=== Begin Enclosure ===
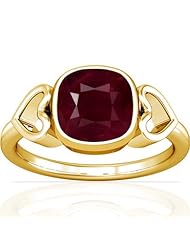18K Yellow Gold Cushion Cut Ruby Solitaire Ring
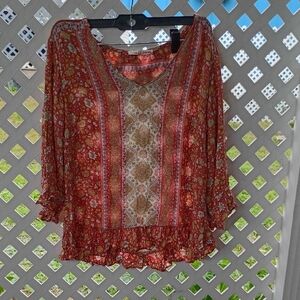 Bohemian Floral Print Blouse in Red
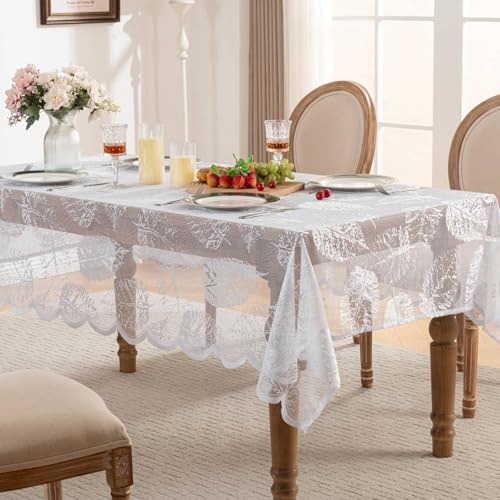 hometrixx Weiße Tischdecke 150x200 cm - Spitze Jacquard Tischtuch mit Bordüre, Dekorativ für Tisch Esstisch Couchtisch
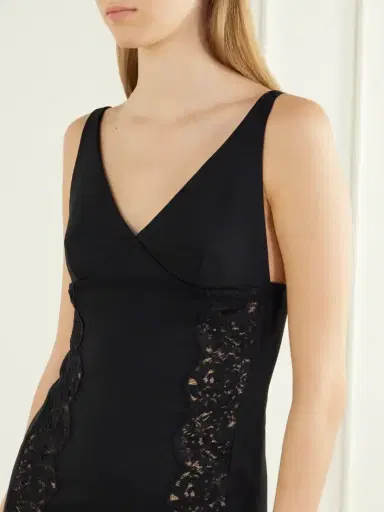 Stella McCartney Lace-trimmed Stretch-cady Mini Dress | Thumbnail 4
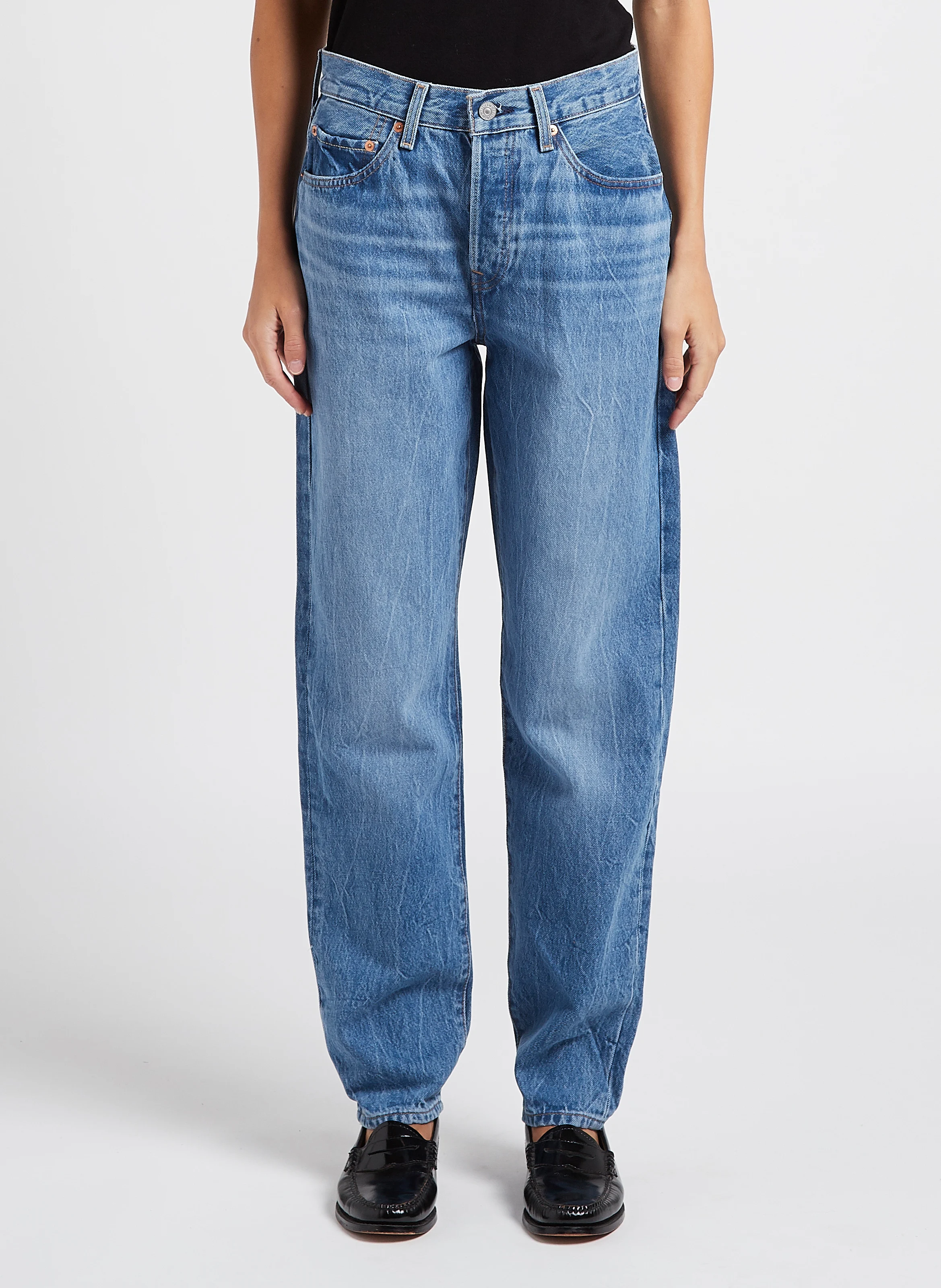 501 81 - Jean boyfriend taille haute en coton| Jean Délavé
=== End Enclosure ===
Excluding the pictures, retype the line containing "Bohemian Floral Print Blouse in Red" and all lines after it down to the end of the data above.

→ **Reply to the task**
 Bohemian Floral Print Blouse in Red
 hometrixx Weiße Tischdecke 150x200 cm - Spitze Jacquard Tischtuch mit Bordüre, Dekorativ für Tisch Esstisch Couchtisch
 Stella McCartney Lace-trimmed Stretch-cady Mini Dress | Thumbnail 4
 501 81 - Jean boyfriend taille haute en coton| Jean Délavé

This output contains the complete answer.